Ulasan Sembilan Spasi

Berikut adalah ulasan dari Teman-teman seperjalanan….

Yudhi Widdyantoro
Pendiri Komunitas Yoga Gembira
IG @yudhi_yoga
Febriyanti Dwi Safitri
Penulis antologi kisah inspiratif & cerpen
IG @febriyanti_ds
Sintia Astarina
Blogger & Digital Creator
IG @sintiawithbooks

Buku bersama Waktu, Teman Sepanjang Jalan
oleh Yudhi Widdyantoro

Asumsi kebanyakan orang buku bagus itu perlu banyak referensi. Buku keren kalau sampulnya mentereng. Tidak jarang orang beranggapan membuat buku harus tebal dan banyak kutipan. Buku pun harus dijual mahal, walau isi buku bisa membuat otak menjadi bebal. Agar layak jual, ukuran buku harus mengikuti kaidah tertentu. Buku Sembilan Spasi jauh dari semua kesan itu.

Sampul buku karya kolaborasi Ivandeva Wing dan Siska Marsudhy terkesan minimalis baik ukuran maupun perwajahan. Lebih kecil dari dari umumnya terlihat di rak toko atau online shop. Memilih warna coklat lembut dan hanya tiga larik dengan tipografi tidak agitatif. Setelah judul, diikuti  satu kaliama anak judul: Narasi untuk Mengalami.

Anak kalimat, Narasi untuk Mengalami terasa efektif dan menjadi kunci untuk menyelami buku ini. Penulisnya memang tidak punya intensi untuk menjadikan buku ini sebagai buku motivasi dengan segala kiat sukses menjalani hidup, melainkan sebagai teman bersama dalam perjalanan kembali ke diri. Mereka berdua tidak menempatkan diri sebagai Master, Suhu, bahkan sekadar guru yang menunjukkan jalan pencerahan atau kebahagiaan karena mereka sadar bahwa semua dikembalikan ke setiap diri individu masing-masing pejalan. Bahwa semua harus ditemukan, dialami sendiri, seperti tulisnya, “Pengetahuan yang lahir dari pikiran, membesarkan hati. Kearifan yang lahir dari pengalaman, merendahkan hati”.  (V – 20).

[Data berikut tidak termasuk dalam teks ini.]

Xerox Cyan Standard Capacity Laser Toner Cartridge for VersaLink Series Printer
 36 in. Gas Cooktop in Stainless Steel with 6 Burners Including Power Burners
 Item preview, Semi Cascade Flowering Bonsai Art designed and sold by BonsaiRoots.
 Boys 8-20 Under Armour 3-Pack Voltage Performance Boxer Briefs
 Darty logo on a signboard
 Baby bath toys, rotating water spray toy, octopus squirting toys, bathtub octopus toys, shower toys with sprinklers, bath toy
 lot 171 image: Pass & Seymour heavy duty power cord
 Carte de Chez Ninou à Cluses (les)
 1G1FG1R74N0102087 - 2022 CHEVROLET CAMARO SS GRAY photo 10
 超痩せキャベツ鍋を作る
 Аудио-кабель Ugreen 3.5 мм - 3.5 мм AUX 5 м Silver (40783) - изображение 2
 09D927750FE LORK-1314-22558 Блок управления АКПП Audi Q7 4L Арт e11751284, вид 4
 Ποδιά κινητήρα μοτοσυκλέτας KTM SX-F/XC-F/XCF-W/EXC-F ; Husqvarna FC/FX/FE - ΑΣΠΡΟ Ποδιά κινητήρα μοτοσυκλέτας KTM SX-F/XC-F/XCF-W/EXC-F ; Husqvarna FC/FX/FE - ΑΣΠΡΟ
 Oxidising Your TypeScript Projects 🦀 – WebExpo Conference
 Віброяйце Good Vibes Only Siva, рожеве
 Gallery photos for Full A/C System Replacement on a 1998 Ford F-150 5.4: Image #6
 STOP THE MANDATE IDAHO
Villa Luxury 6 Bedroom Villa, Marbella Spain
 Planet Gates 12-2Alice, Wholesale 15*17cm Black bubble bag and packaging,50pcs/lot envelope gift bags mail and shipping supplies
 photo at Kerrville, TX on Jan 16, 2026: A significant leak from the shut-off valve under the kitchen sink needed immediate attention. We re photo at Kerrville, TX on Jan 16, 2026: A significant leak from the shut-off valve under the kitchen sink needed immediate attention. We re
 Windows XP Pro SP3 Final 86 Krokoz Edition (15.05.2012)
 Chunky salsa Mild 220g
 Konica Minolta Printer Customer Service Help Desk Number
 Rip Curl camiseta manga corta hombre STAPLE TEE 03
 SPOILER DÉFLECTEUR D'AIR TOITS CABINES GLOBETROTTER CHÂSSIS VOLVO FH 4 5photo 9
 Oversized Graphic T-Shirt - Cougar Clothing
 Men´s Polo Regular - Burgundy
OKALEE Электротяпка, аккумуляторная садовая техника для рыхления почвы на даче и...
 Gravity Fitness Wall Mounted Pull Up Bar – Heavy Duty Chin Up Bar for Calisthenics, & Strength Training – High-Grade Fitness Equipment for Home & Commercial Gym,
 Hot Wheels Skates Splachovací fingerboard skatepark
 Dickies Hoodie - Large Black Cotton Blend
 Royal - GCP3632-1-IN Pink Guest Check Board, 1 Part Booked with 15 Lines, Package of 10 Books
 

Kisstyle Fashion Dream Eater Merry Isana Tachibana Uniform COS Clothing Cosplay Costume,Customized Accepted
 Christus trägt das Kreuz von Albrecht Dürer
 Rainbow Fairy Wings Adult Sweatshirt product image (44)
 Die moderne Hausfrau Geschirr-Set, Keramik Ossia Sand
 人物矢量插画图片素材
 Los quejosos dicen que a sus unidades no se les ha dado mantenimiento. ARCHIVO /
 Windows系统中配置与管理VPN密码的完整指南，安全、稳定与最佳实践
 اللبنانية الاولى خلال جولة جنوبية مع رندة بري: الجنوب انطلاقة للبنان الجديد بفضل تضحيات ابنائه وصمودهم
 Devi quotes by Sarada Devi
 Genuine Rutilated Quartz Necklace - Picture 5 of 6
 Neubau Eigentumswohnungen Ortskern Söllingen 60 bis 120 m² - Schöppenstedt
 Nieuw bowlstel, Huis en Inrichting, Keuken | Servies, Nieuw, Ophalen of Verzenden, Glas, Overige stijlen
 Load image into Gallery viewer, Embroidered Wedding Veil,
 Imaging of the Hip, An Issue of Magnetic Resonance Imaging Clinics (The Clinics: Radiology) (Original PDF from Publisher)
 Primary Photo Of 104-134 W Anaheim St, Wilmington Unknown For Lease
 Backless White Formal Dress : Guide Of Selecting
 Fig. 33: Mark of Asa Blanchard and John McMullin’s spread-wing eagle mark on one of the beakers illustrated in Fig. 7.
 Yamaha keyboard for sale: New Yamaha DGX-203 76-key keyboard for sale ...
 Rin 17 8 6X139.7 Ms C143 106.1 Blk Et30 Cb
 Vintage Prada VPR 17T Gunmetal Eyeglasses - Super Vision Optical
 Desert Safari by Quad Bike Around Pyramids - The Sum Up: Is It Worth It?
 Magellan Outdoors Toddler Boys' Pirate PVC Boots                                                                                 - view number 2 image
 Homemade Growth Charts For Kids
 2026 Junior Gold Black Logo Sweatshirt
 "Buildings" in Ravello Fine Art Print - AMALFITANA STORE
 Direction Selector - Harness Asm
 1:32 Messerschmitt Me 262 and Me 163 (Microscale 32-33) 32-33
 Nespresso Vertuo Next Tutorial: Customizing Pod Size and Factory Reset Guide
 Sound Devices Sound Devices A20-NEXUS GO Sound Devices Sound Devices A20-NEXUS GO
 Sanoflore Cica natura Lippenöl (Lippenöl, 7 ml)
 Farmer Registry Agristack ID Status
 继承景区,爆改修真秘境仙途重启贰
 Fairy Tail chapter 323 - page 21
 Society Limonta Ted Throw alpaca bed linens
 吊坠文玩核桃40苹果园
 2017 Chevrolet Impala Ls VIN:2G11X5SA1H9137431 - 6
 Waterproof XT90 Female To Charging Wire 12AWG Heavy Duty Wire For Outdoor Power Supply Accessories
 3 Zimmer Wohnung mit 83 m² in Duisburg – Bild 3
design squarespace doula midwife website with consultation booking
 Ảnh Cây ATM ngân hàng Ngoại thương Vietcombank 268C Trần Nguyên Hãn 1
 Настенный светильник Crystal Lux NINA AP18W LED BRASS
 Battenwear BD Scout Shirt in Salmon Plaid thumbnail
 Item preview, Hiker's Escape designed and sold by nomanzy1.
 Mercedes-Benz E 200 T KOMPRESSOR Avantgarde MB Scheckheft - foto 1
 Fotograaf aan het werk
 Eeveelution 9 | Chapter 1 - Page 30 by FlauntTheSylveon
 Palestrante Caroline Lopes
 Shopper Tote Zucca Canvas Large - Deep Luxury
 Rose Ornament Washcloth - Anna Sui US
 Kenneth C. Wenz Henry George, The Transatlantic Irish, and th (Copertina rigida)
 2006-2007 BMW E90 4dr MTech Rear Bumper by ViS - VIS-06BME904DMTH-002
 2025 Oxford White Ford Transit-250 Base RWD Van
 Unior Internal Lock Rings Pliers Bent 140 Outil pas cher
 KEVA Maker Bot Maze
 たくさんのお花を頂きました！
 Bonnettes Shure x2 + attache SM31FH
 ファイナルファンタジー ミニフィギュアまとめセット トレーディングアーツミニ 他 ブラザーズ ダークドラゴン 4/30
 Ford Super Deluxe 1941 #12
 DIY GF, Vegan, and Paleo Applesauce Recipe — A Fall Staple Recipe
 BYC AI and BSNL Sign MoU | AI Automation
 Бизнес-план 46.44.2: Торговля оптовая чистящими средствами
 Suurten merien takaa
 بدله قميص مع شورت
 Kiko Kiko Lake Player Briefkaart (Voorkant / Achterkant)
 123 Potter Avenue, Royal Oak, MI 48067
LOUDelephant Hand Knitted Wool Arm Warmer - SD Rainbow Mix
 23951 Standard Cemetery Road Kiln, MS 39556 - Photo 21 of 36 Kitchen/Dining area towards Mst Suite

Penulis tidak terkesan berusaha merendahkan diri, tapi pilihan kata dan kalimat yang tertuang dalam buku ini adalah refleksi dari tingginya pengetahuan yang dialami. Diksi yang terkesan seperti puisi, tapi tidak kemudian jatuh pada melankoli. Keduanya terlatih dalam duduk diam, bahkan memberi kelas pelatihan. Penulisan buku ini agaknya dimaksudkan sebagai pendamping dan pelengkap kelas. Ada keterjalianan antara kelas online, juga offline baik di studio pada murid regular, maupun untuk karyawan korporat dan di berbagai kesempatan. “Ketika kita terjalin, kian berlatih dan berserah memudarkan ego. Kerena terjalin juga melepas, namun bukan menghempas”. (IV – 2).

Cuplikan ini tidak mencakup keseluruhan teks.